§ **Exercise description**:
Pictures are not part of the copy; retype all the records below exactly.

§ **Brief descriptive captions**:
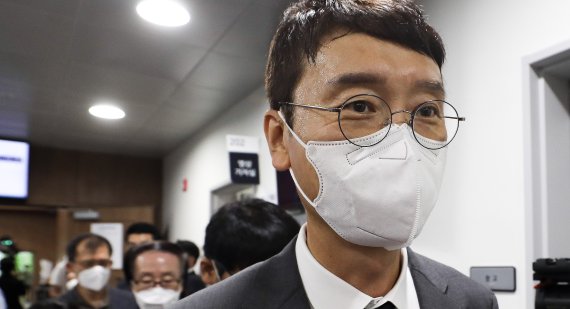 김웅 국민의힘 의원이 지난 8일 서울 여의도 국회 소통관에서 지난해 총선 당시 윤석열 검찰총장의 측근 검사로부터 여권 인사에 대한 고발장을 넘겨받았다는 이른바 '고발 사주' 의혹과 관련한 기자회견을 마친 뒤 땀을 흘리며 나서고 있다. 뉴스1 제공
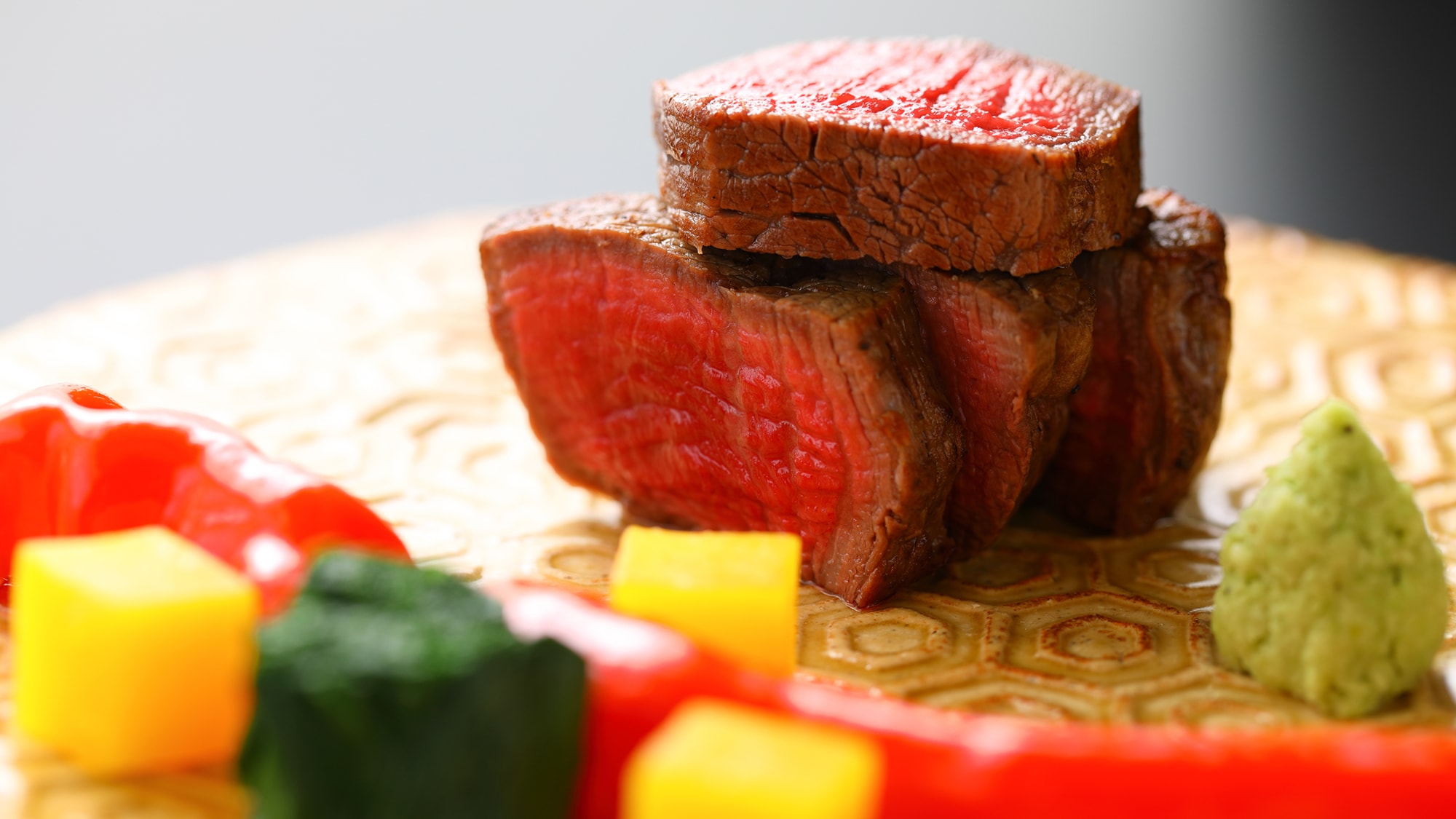 [Contoh Kaiseki] Daging sapi merek Oita, steak daging sapi Bungo dengan sayuran Yufuin dalam saus buatan sendiri.
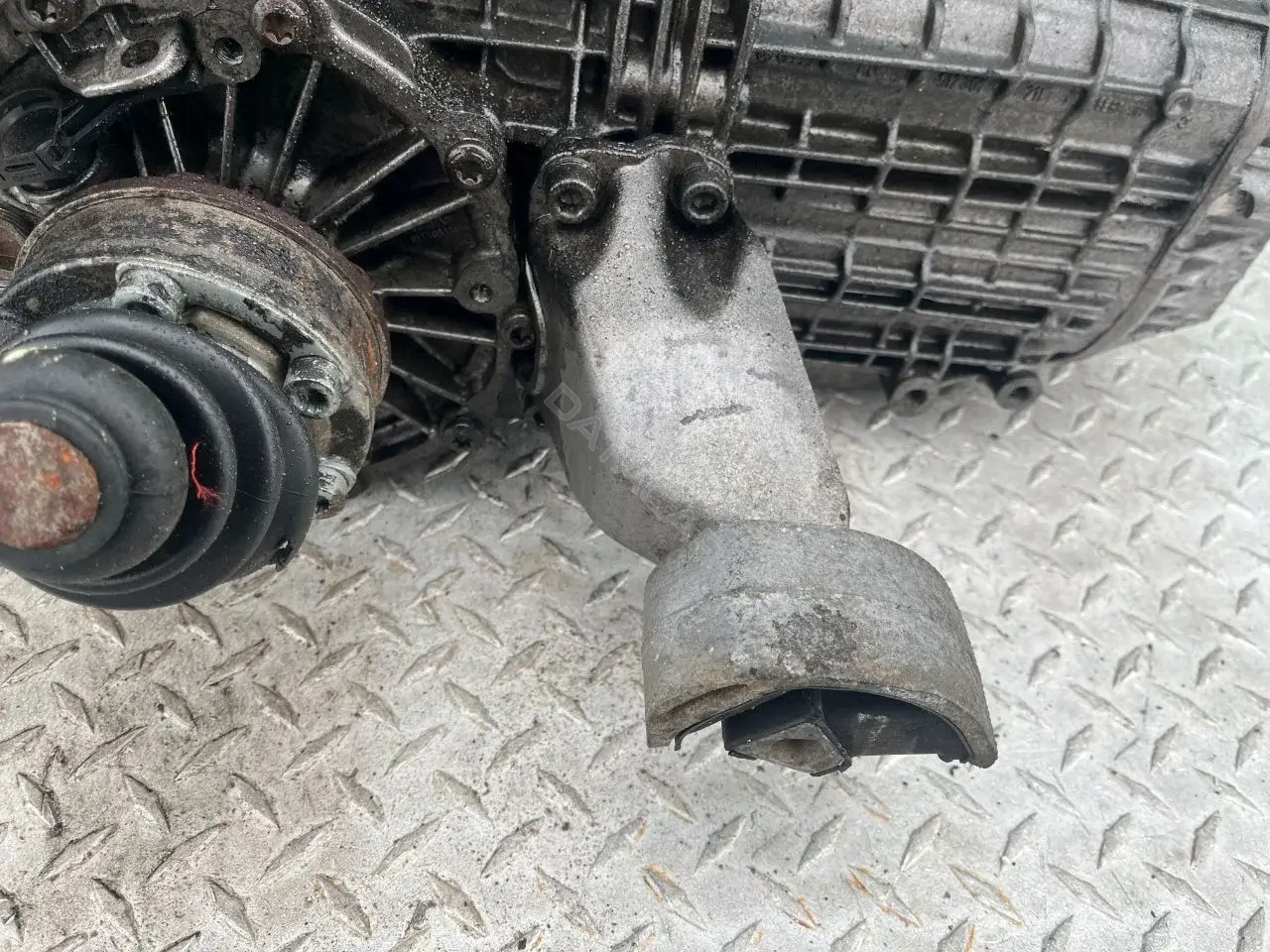 Кронштейн КПП 8D0399113AB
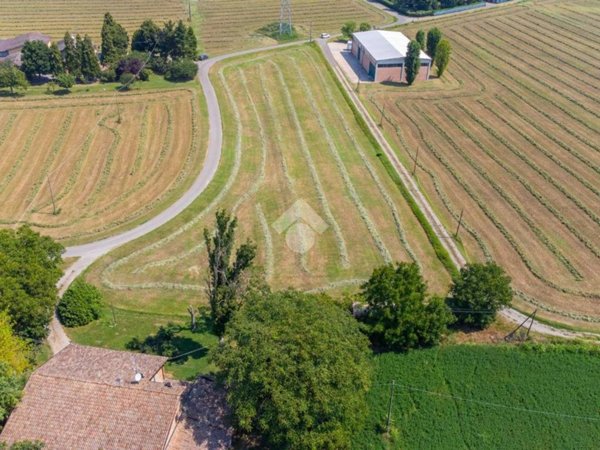 terreno edificabile in vendita a Reggio nell'Emilia in zona Pieve Modolena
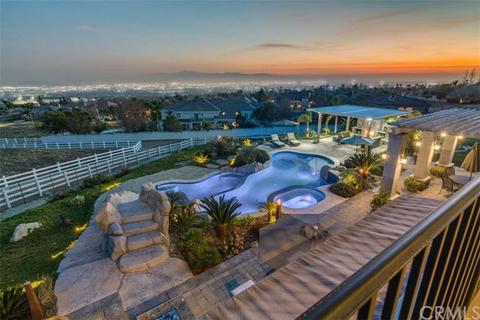 5099 Rodeo Rd, Rancho Cucamonga, CA 91737 photo 2
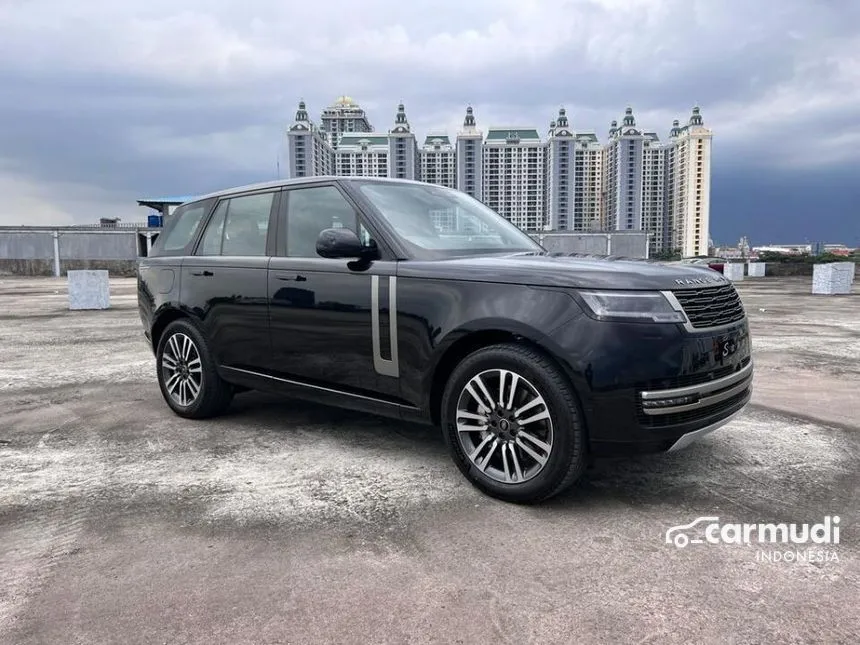 Jual Mobil Land Rover Range Rover 2022 P400 MHEV SWB SE 3.0 di DKI ...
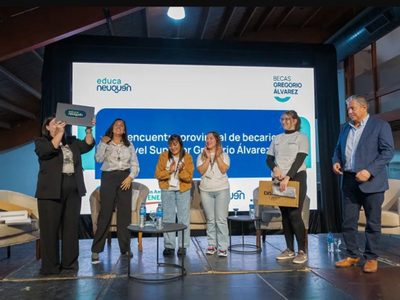Estudiantes del nivel superior de Neuquén reciben notebooks por el Plan Redistribuir Oportunidades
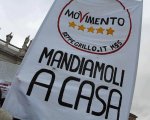 Tutti a casa: il documentario sul Movimento 5 stelle al cinema oggi 24 aprile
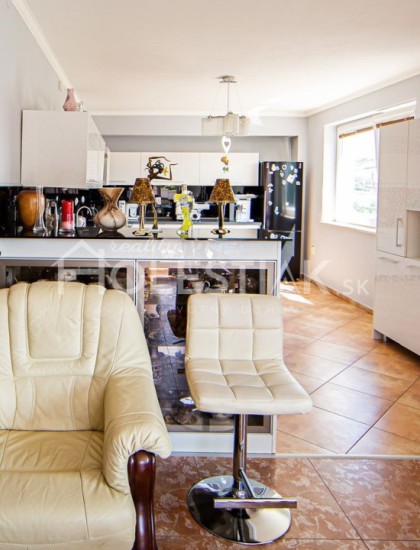 https://www.pavolholestiak.sk/storage/properties/36/thumb/rezervovane-luxusny-byt-v-centre-mesta-cadca-164-m2-iba-u-nas_0.jpg?t=1651604450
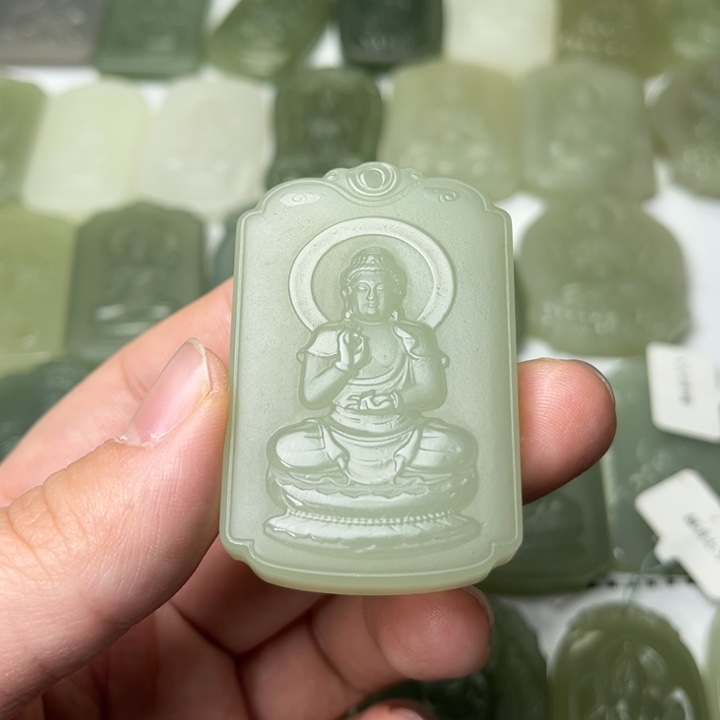 和田玉颈饰未镶嵌后*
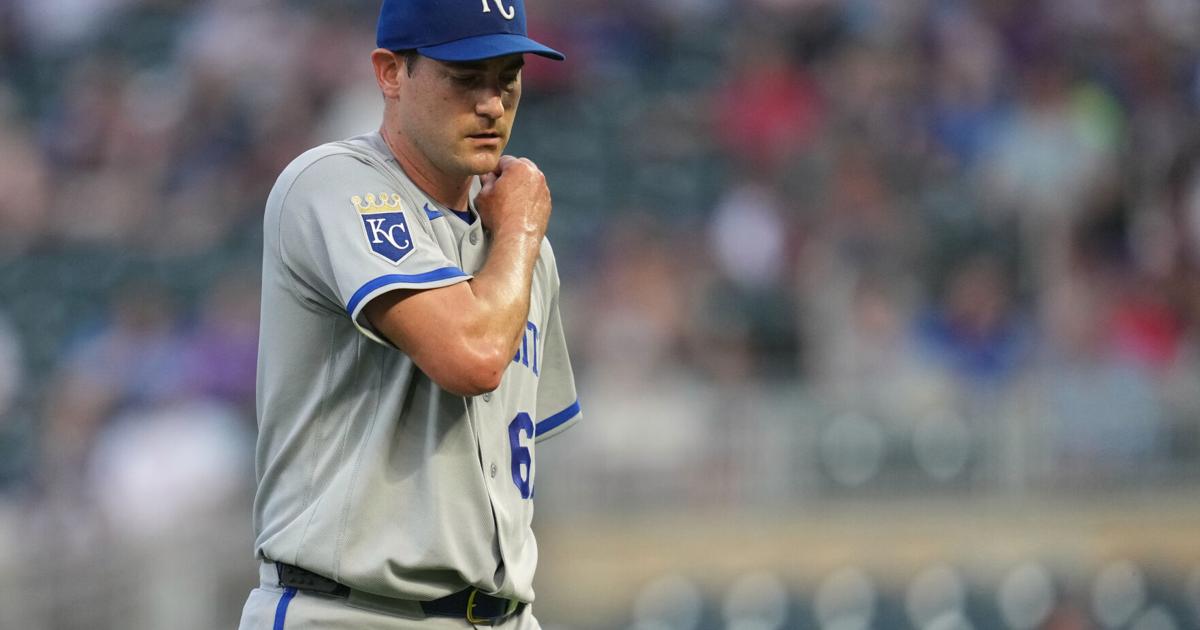Seth Lugo sale del juego tras recibir pelotazo de 106 mph en la frente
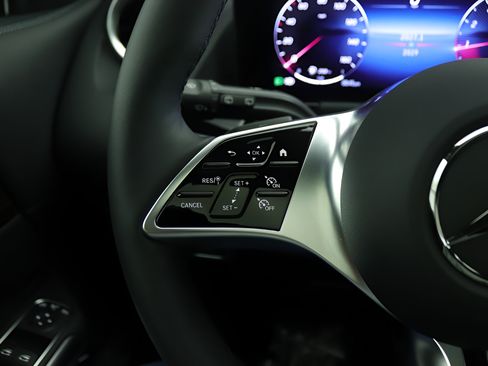 Certified 2026 Mercedes-Benz GLA 250 4MATIC image 10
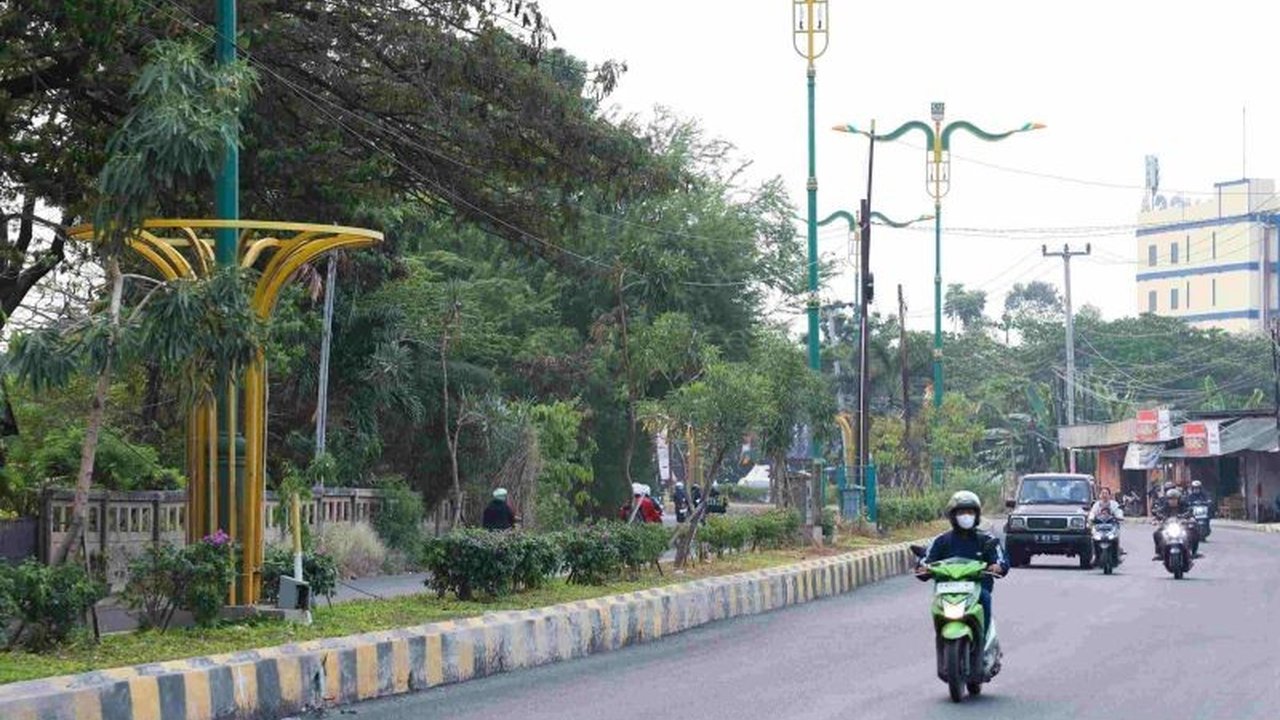 Pemerintah Kabupaten Bekasi memprioritaskan penataan Ruas Kalimalang tahun 2026 untuk meningkatkan infrastruktur jalan dan kenyamanan pengguna. Simak detail tiga titik fokusnya!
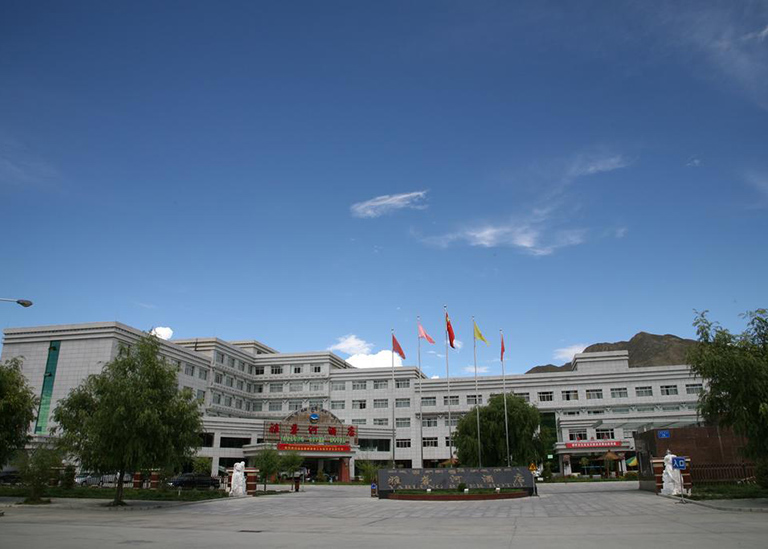 Yalong River Hotel Facade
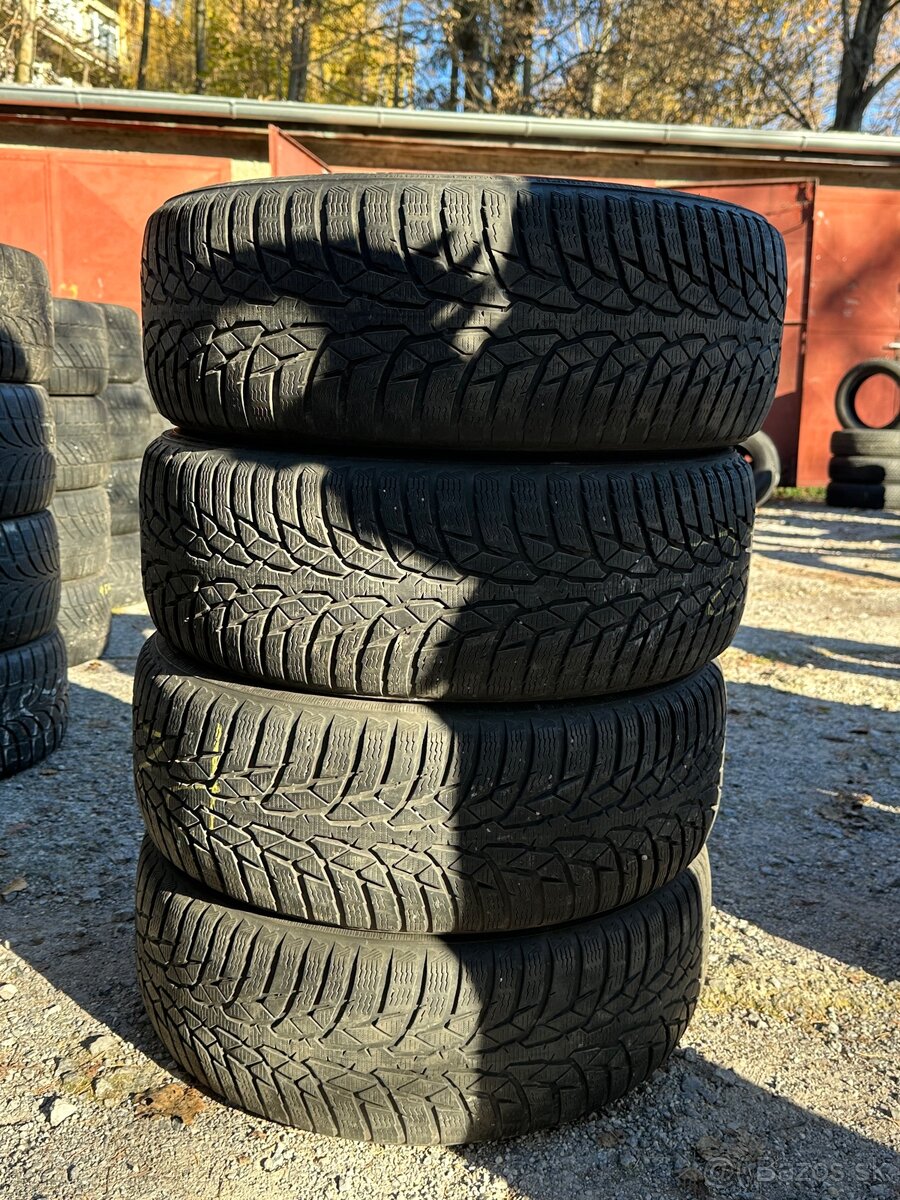 NOKIAN 215/60/R16 ZIMNÉ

§ **Response to the task**:
 김웅 국민의힘 의원이 지난 8일 서울 여의도 국회 소통관에서 지난해 총선 당시 윤석열 검찰총장의 측근 검사로부터 여권 인사에 대한 고발장을 넘겨받았다는 이른바 '고발 사주' 의혹과 관련한 기자회견을 마친 뒤 땀을 흘리며 나서고 있다. 뉴스1 제공
 [Contoh Kaiseki] Daging sapi merek Oita, steak daging sapi Bungo dengan sayuran Yufuin dalam saus buatan sendiri.
 Кронштейн КПП 8D0399113AB
 terreno edificabile in vendita a Reggio nell'Emilia in zona Pieve Modolena
 5099 Rodeo Rd, Rancho Cucamonga, CA 91737 photo 2
 Jual Mobil Land Rover Range Rover 2022 P400 MHEV SWB SE 3.0 di DKI ...
Estudiantes del nivel superior de Neuquén reciben notebooks por el Plan Redistribuir Oportunidades
 Tutti a casa: il documentario sul Movimento 5 stelle al cinema oggi 24 aprile
 https://www.pavolholestiak.sk/storage/properties/36/thumb/rezervovane-luxusny-byt-v-centre-mesta-cadca-164-m2-iba-u-nas_0.jpg?t=1651604450
 和田玉颈饰未镶嵌后*
Seth Lugo sale del juego tras recibir pelotazo de 106 mph en la frente
 Certified 2026 Mercedes-Benz GLA 250 4MATIC image 10
 Pemerintah Kabupaten Bekasi memprioritaskan penataan Ruas Kalimalang tahun 2026 untuk meningkatkan infrastruktur jalan dan kenyamanan pengguna. Simak detail tiga titik fokusnya!
 Yalong River Hotel Facade
 NOKIAN 215/60/R16 ZIMNÉ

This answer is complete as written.